Video for January 22nd, 2026
Hello everyone and welcome to this week’s video.
Someone a little older than me told me the other day that they have instituted a new rule at dinner parties about the length of organ recitals. Observing my puzzlement that their house wasn’t big enough for a pipe organ, and as far as I knew they had no musical friends, they explained further. By organ recital they meant the litany of complaints about each other’s deteriorating health. They had agreed it was to be limited to 15 minutes each time! A few months previously I had had to stop myself in conversation with a friend on the phone when we realised we’d spent the previous half hour talking about our own ailments. I have recently passed one of the main markers of aging myself. I got a senior citizen’s discount to visit the zoo with my grandchildren the other day. Frankly, I had expected a bit more than they were giving off the price of the ticket.
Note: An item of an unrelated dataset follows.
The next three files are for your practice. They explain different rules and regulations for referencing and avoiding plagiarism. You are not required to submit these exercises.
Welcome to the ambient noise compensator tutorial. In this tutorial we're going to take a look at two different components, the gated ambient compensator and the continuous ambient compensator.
As we get older, the myth of control is increasingly exposed. Much in our culture seeks to persuade us that we have much more control over our life circumstances than in fact we do. Good diet and exercise can lengthen our health span, but it can’t put off the inevitable for ever. Many of us will know people who died suddenly, apparently in the best of health, of conditions of which they were ignorant and over which they had no influence. They simply drew a bad genetic card. Wise financial stewardship can prepare us for retirement and give a buffer against financial shocks, but the interconnectedness of the global financial system mean that major financial shocks affect everyone, however prudent.
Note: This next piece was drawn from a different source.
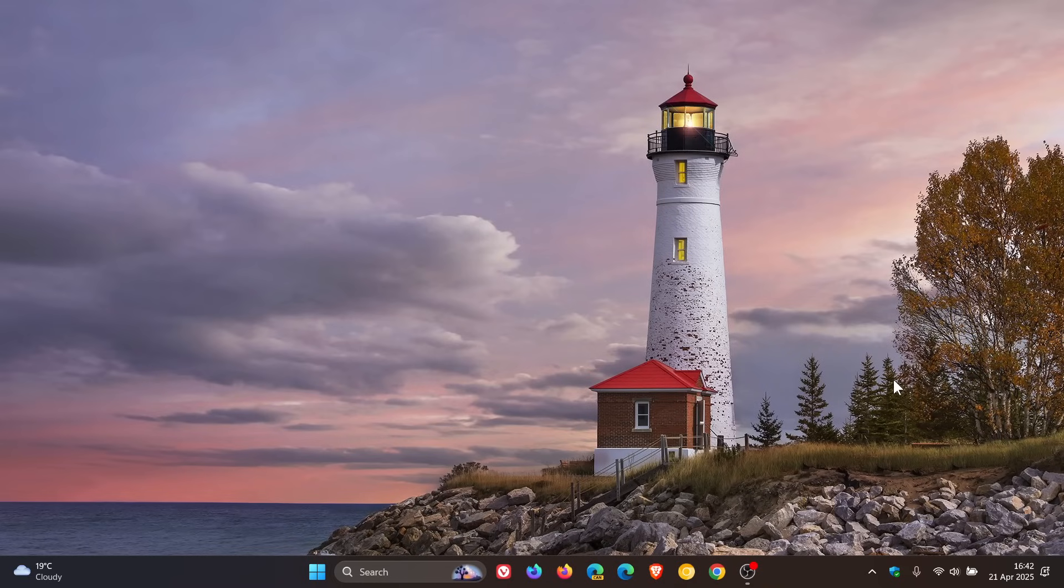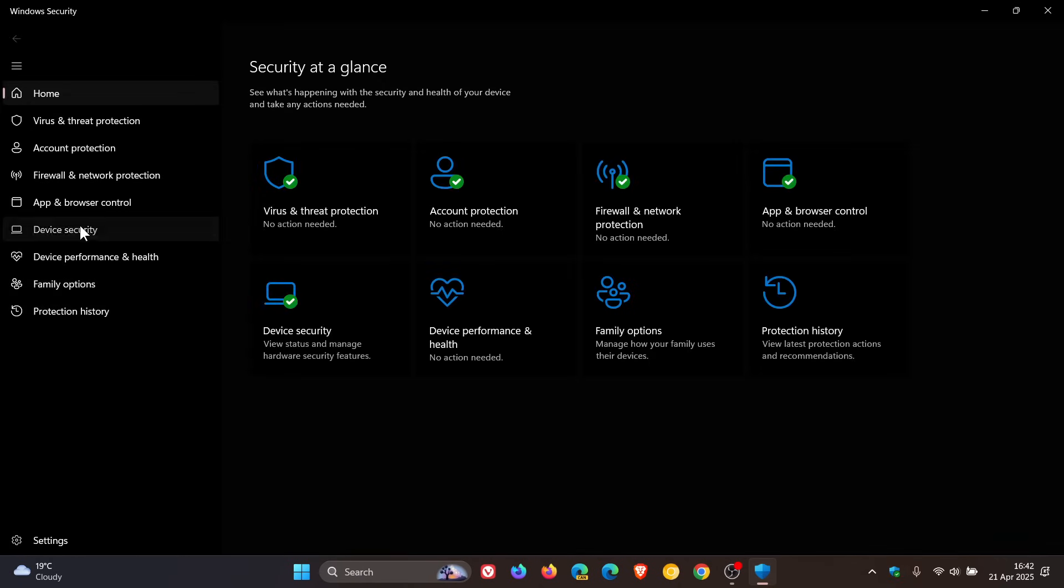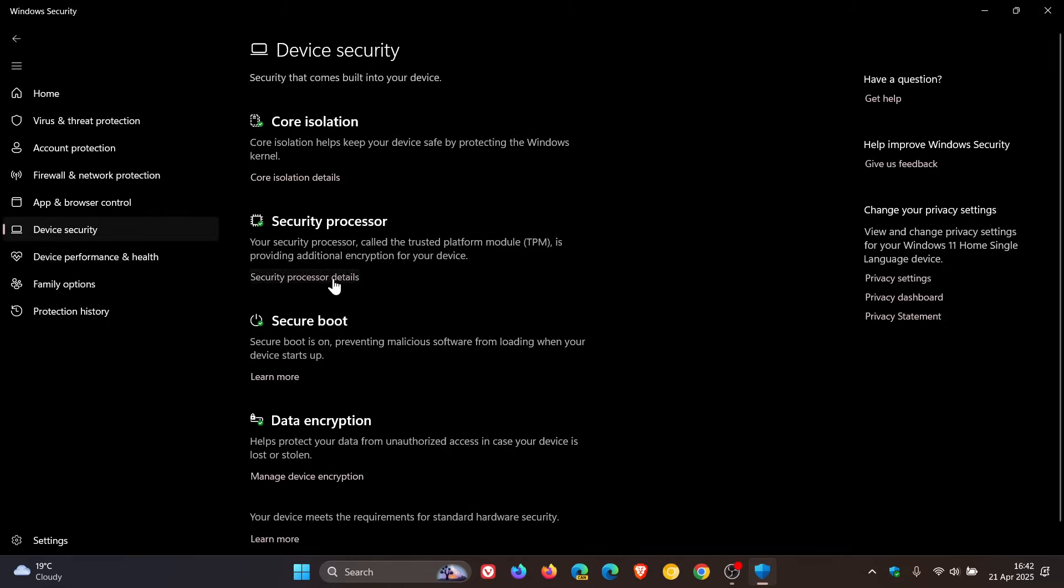Now, first of all, TPM, if you are running Windows 10 and 11, a quick way to see if you have TPM 2 is to head to your Windows security. If you don't know where that is, just do a search for Windows security. Click on device security, security processor, and now you can see TPM 2.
No one can rage against all this – many do, entering old age grumpily and full of resentment. Reinhold Niebuhr’s serenity prayer, often paraphrased at AA meetings (and misattributed to St. Francis), is a good one to pray regularly to stave this off, “God, grant me the serenity to accept the things I cannot change, courage to change the things I can, and wisdom to know the difference”. Taken as it is its good pop psychology, the sort of thing you’d put on a Facebook post. However, the rest of the prayer is rarely quoted. “Living one day at a time, enjoying one moment at a time; accepting hardship as the pathway to peace; taking as He did, this sinful world as it is, not as I would have it; trusting that He will make all things right if I surrender to his will; that I may be reasonably happy in this life”.
Contemporary society sees little value in suffering of any kind. Yet the way of Jesus embraces our interaction with life’s disappointments and pain as a significant part of the way we are formed into Christ’s likeness, as much if not more so than the familiar spiritual disciplines. Job’s journey is a paradigm of this. From a place of success by every contemporary measure his life quickly descends into hell – quite literally. He suffers alone. Neither his wife nor friends can provide any rationale for his suffering much as they try, ending up blaming him for his lot in life, perhaps to deal with their own confusion. By Chapter 23 Job is spoiling for a fight with God himself. In verse 2 he says, “even today my complaint is bitter; his hand is heavy in spite of my groaning. If only I knew where to find him; if only I could go to his dwelling! I would state my case before him and fill my mouth with arguments. I would find out what he would answer me and consider what he would say to me”. Operating from a spirit of entitlement that a life of ease can easily inculcate, he effectively demands God should justify himself. Contemporary culture screams at us through every channel that the world should revolve around us. We are not well prepared for the challenges of declining health that accompany aging. The human demand that everything should go our way crashes against the rocks of biological reality. However, in this challenge as with any other that life throws at us we are comforted by the promise of the Lord’s constant accompanying presence. We never suffer alone. All our life experience takes place within the envelope of hope. “In all things God is working for good in those who love him”, says Paul in Roman’s 8. The greatest good is to be prepared to know God and enjoy him for ever. This is where ultimate fulfilment and joy is to be found. A spirit of entitlement is just another manifestation of pride – the root of all sin. As Dr. Larry Crabb said in the title of his masterful book on Ruth, Shattered Dreams – the unexpected path to joy, serenity and peace may require a dealing with reality as it is not as we demand or even wish it should be.